Steel Dynamics has a history of dividend growth, with consistent increases over the past 14 years. While steel stocks are viewed as capital-intensive cyclical plays rather than income stocks, Steel Dynamics has quietly built a record of increasing payouts.

Steel Dynamics is one of North America’s leading steel producers and metal recyclers, operating an extensive network of facilities throughout the United States and Mexico. It follows an integrated structure of steel production, metal recycling, and downstream steelmaking. This structure allows Steel Dynamics to control input costs, streamline the supply chain, and improve margins while minimizing environmental impact.

Dividend growth is most important when it is supported by consistent earnings and cash flow. This structure also allows the company to continue to generate strong operating cash flow. In 2025, the company recorded 13.7 million tons of steel shipments, increasing net sales by 3.8% to $18.2 billion. Net income was $1.22 billion. The company generated $1.4 billion in cash flow from operations and paid $291 million in cash dividends and $901 million in share repurchases.

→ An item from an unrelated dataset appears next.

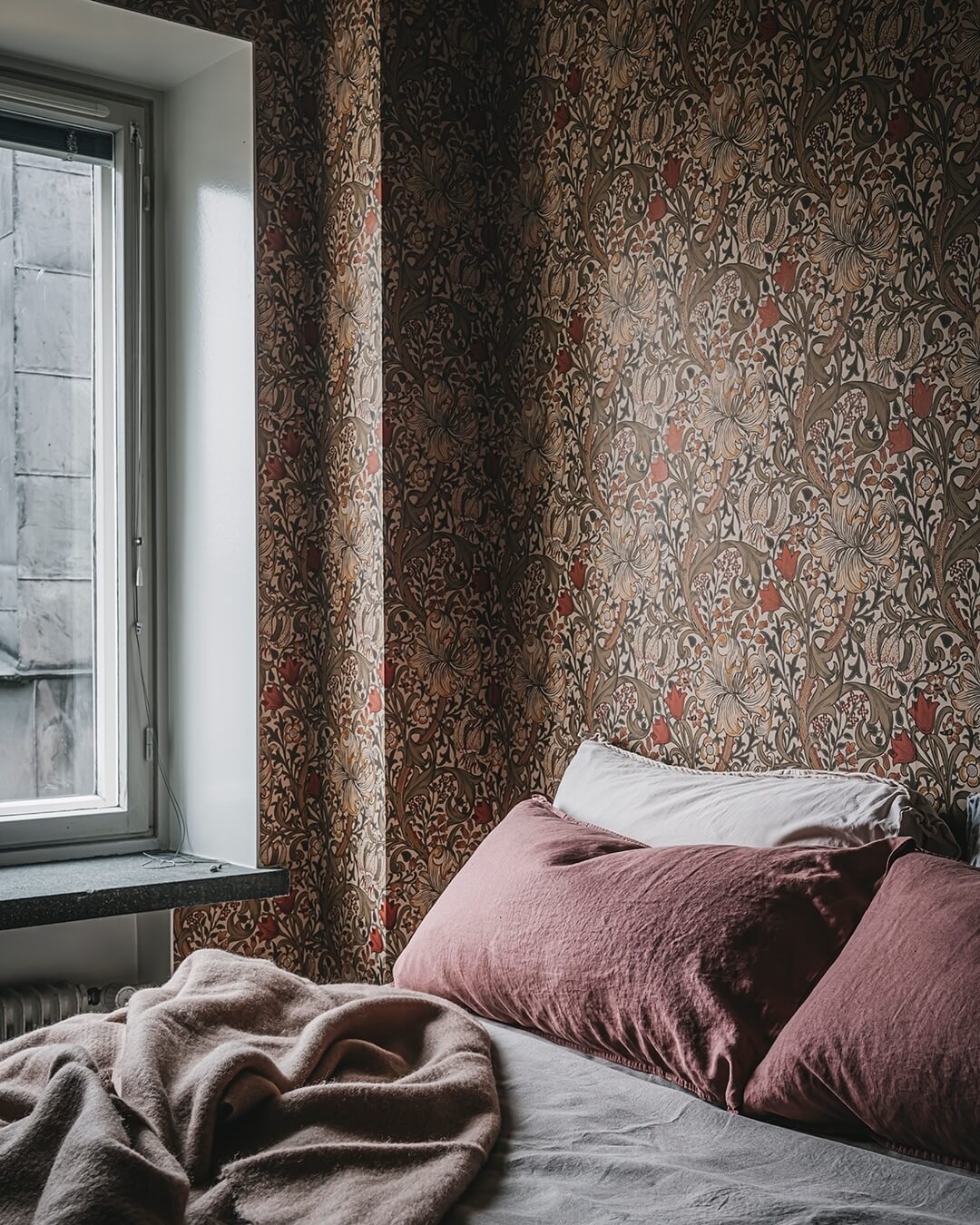 Vintage Floral Wallpaper Creates a Rich Bedroom Accent Wall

However, its forward dividend yield remains modest at around 1.16%, below the materials sector average of 2.8%. This yield also ranks it significantly below many traditional high-yield dividend stocks. Additionally, the company has maintained its dividend payout ratio at 13.2%, meaning it isn’t pushing itself to support the dividend. This is a positive sign, especially in a cyclical sector that can fluctuate with commodity markets. It also means that the company retains earnings for growth, debt management, capital expenditures, and dividend growth.